(Records contained in a dataset)
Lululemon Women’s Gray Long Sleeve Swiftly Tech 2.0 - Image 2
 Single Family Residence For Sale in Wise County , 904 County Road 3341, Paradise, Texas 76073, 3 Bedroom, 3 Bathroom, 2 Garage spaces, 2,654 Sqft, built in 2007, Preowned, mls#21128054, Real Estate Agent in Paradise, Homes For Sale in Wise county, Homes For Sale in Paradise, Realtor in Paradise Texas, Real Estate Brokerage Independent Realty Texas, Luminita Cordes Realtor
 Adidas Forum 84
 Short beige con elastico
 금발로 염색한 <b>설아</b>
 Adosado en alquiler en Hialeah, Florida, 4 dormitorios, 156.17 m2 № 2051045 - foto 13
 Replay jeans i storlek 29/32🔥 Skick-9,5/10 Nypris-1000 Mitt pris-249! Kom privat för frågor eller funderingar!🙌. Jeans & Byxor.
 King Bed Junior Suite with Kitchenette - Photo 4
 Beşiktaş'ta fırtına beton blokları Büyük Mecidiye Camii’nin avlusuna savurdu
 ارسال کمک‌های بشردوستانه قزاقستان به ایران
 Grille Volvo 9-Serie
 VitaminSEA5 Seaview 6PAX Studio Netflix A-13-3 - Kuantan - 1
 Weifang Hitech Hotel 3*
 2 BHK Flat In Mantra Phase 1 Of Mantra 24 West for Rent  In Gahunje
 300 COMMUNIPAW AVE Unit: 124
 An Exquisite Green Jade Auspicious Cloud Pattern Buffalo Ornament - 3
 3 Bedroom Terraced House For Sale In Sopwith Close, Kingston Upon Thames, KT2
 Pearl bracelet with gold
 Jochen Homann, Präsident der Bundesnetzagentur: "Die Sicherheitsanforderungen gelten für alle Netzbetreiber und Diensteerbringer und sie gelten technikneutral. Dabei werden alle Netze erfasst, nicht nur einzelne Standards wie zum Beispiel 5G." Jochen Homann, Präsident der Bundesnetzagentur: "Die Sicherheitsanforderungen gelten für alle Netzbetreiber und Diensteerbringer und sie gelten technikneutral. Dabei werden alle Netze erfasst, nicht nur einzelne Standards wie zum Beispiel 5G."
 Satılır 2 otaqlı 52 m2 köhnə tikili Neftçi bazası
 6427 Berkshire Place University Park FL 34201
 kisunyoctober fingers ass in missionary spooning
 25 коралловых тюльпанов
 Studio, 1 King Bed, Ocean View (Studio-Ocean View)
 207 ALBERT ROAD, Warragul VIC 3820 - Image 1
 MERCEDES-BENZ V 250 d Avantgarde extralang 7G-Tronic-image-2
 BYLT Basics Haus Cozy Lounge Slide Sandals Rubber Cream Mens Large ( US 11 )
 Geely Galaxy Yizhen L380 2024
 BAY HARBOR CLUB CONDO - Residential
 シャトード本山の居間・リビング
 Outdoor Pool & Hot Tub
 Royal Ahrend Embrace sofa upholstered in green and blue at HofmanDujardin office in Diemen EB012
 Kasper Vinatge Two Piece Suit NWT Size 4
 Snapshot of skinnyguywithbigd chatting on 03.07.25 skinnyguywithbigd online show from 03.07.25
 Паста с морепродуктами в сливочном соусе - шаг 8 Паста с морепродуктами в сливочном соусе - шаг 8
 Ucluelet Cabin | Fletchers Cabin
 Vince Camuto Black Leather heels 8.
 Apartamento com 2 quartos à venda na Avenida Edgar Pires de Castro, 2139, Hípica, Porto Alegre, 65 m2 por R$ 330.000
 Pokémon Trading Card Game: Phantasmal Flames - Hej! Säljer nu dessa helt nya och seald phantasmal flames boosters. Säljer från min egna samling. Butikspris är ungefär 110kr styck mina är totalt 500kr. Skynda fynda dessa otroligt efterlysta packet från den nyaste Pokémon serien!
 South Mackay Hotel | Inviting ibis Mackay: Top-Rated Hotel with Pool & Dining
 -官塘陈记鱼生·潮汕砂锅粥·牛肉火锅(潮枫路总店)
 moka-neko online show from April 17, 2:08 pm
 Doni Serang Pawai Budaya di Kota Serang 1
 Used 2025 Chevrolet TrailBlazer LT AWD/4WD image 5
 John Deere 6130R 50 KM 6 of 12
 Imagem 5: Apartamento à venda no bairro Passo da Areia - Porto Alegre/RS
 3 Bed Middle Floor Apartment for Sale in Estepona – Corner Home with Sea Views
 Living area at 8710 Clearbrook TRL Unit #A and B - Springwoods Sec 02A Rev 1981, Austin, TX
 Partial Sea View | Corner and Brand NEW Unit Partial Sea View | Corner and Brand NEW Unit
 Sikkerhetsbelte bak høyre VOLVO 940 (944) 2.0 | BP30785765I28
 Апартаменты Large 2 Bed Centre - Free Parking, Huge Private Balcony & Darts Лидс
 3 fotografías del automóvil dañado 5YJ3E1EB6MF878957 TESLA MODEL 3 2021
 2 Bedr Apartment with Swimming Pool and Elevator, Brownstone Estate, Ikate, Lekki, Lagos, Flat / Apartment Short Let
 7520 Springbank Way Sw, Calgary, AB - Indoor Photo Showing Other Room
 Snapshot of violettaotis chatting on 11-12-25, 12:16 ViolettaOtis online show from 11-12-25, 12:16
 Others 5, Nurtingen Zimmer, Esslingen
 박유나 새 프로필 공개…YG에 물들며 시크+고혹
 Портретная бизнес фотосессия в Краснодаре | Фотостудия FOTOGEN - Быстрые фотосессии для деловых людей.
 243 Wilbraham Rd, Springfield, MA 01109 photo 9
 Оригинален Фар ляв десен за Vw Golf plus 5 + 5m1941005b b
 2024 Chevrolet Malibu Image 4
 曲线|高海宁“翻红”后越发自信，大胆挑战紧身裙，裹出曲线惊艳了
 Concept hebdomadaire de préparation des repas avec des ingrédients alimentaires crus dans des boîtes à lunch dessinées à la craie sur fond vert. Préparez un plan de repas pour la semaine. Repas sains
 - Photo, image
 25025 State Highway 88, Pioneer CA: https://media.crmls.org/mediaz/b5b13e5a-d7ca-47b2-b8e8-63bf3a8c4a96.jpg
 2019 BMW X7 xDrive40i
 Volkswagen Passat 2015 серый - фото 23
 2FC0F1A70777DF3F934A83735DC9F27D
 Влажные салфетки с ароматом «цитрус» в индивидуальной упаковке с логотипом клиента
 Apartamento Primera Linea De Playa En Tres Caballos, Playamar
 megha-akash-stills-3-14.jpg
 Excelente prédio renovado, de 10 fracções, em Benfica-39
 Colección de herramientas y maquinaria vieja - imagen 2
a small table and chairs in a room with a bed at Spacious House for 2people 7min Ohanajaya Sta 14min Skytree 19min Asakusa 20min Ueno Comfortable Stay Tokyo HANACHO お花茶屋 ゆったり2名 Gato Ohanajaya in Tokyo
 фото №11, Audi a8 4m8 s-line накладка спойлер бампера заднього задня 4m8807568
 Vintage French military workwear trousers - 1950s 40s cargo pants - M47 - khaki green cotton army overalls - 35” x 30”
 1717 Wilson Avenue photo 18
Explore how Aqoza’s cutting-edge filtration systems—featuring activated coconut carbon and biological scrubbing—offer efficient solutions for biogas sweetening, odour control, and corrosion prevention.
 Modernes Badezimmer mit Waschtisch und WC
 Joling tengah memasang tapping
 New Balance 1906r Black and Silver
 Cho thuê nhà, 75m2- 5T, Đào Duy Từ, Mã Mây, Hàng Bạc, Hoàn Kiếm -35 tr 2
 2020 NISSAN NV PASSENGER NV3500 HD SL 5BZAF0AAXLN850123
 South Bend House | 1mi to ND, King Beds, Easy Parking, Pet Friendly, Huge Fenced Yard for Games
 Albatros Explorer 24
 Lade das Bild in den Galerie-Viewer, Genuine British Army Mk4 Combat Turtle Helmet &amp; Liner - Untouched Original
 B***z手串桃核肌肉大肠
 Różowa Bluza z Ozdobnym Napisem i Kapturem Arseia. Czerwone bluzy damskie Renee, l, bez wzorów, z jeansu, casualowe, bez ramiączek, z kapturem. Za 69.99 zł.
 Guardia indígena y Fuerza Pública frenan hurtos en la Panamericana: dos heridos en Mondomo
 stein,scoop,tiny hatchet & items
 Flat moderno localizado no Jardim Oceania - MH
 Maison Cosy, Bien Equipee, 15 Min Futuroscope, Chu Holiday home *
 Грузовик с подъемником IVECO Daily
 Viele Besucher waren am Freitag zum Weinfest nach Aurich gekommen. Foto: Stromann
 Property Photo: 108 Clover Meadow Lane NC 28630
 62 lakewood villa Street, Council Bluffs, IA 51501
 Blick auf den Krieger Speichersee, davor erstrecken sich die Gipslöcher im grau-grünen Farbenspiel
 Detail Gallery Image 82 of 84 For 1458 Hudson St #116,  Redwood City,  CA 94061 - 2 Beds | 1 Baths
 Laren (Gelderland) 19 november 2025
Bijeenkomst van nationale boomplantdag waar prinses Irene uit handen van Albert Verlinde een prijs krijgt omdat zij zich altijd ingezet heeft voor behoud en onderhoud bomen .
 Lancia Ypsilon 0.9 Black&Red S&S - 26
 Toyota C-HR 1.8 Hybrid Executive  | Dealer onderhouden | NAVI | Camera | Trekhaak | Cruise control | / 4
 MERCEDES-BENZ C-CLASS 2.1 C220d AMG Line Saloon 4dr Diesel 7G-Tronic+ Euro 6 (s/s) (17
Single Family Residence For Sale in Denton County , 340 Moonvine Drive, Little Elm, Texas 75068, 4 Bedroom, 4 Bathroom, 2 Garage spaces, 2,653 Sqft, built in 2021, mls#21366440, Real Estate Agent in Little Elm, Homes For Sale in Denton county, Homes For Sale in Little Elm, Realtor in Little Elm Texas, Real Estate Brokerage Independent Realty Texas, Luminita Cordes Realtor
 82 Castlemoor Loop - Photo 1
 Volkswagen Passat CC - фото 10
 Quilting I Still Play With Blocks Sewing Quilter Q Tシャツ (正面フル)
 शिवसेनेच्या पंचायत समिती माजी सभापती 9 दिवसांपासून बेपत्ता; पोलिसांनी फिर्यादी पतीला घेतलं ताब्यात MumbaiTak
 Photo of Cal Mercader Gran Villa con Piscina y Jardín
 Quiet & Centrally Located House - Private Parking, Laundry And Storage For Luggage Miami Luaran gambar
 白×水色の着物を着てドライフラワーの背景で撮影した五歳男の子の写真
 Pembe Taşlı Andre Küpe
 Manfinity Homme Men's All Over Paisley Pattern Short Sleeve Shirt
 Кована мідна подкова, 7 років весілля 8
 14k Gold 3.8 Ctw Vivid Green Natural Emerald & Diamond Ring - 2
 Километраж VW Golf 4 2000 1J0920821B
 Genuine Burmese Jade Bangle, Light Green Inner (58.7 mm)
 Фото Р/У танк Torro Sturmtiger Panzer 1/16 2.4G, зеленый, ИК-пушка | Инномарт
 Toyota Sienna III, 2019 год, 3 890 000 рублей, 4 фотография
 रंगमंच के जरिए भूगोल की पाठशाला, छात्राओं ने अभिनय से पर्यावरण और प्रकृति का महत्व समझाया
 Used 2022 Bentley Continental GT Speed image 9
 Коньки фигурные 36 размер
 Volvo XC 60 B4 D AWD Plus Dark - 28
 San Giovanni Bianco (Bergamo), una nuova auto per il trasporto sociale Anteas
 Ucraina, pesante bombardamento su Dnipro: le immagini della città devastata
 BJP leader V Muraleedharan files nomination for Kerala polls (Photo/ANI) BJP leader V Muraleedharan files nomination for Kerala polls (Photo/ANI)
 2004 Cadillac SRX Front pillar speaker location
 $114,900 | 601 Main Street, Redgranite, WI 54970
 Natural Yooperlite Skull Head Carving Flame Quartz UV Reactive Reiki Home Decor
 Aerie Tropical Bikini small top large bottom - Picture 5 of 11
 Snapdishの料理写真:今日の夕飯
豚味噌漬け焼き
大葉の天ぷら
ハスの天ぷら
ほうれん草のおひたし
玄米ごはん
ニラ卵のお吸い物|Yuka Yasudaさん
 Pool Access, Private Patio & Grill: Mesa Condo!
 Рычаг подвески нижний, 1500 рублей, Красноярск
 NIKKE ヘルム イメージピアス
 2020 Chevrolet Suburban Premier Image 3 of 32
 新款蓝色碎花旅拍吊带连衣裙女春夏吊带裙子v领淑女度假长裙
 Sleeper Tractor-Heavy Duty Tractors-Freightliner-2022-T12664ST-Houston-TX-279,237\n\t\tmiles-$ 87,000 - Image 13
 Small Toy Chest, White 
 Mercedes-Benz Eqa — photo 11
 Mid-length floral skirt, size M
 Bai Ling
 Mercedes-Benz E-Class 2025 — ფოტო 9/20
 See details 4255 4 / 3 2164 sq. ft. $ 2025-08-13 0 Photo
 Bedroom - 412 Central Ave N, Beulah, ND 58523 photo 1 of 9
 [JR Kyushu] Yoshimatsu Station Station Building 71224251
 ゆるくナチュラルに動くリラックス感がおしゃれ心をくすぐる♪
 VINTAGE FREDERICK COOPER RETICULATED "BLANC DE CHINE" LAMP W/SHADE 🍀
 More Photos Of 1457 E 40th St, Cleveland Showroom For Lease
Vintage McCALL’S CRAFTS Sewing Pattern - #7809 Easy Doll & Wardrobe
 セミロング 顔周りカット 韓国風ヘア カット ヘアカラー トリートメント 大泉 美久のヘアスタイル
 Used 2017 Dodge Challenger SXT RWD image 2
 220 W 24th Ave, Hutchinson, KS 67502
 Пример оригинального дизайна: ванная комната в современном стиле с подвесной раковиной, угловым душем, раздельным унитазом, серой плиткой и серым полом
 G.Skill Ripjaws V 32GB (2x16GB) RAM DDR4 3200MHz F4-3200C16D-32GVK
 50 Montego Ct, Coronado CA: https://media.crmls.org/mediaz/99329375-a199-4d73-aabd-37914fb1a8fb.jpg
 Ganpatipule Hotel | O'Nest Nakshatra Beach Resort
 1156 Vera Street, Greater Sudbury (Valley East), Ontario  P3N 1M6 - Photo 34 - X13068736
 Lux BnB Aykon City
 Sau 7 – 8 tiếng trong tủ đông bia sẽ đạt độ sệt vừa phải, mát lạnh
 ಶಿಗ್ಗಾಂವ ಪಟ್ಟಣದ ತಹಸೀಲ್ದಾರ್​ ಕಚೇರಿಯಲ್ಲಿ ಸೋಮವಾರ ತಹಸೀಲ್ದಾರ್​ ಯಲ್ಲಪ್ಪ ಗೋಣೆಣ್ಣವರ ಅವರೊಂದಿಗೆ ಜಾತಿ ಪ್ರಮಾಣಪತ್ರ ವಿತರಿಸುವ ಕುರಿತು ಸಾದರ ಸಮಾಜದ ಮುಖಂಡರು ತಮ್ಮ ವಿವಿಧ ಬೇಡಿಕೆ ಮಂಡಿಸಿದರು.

Activity =>
Repeat word for word the lines above that run from the line containing "-官塘陈记鱼生·潮汕砂锅粥·牛肉火锅(潮枫路总店)" through the line containing "Imagem 5: Apartamento", both ends included, and nothing else.

Result of the task =>
 -官塘陈记鱼生·潮汕砂锅粥·牛肉火锅(潮枫路总店)
 moka-neko online show from April 17, 2:08 pm
 Doni Serang Pawai Budaya di Kota Serang 1
 Used 2025 Chevrolet TrailBlazer LT AWD/4WD image 5
 John Deere 6130R 50 KM 6 of 12
 Imagem 5: Apartamento à venda no bairro Passo da Areia - Porto Alegre/RS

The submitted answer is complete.